Powiem otwarcie, że ja po prostu nie łapie o co w tej reklamie chodzi. Czy w tych bańkach jest jakaś ukryta symbolika czy jak? Poza tym strasznie długa ta reklama jak na tak nieciekawą tematykę. Na prawdę nie wiem co ktoś chciał przekazać. Dodam, że zwykle nie zwracam uwagi na reklamy, ale w tym przypadku po prostu się zdziwiłem.
Powiem tak: przeciętny człowiek, który nie wie, że T-Mobile to sieć komórkowa, która weszła za Erę za cholerę się nie połapie czego to jest reklama.
Za długa, za nudna, bez właściwego przekazu, kompletnie nietrafiona. I jeszcze zarząd całej sieci miał czelność wystąpić do polskiego rządu o dofinansowanie kampanii reklamowej. No bez jaj.

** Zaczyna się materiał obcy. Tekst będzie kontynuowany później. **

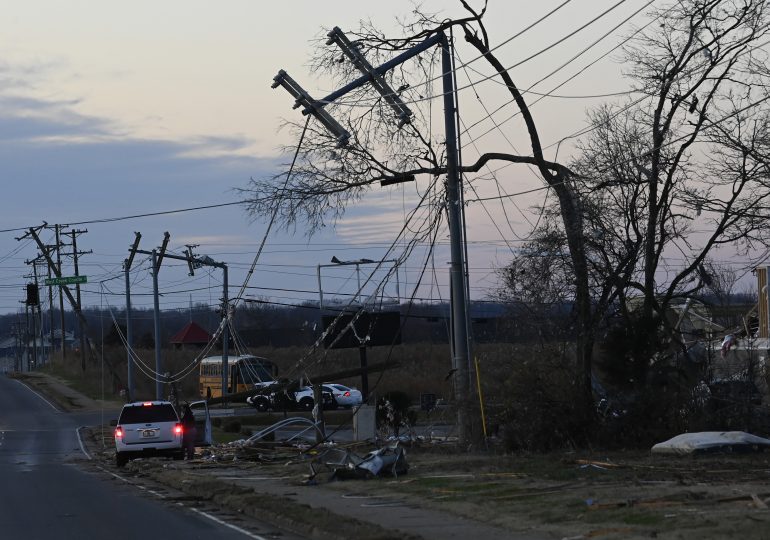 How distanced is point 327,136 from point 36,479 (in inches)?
399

Nie wiem o co chodzi w tej reklamie. Niestety mało jest normalnych reklam w mediach.
To ta na Starym Mieście w Warszawie? Bo jakiś miesiąc, czy tam dwa jakieś bańki tam filmowali.
Pewnie chcieli zrobić coś takiego jak z tymi piłeczkami co spadały po ulicy - urocze, zapadające w pamięć. Po prostu nie trafili i tyle.
po prostu chcą wywołać pozytywne emocje żeby kojarzyły się z marką, na koniec proste hasło/przekaz
prawdą jest, ze starsi ludzie mogą się nie zorientować o co chodzi
ale za jakiś czas wprowadzą reklamy z większa ilością informacji
"po prostu chcą wywołać pozytywne emocje"
Jak dla mnie efekt jest wprost przeciwny. Banał i nuda...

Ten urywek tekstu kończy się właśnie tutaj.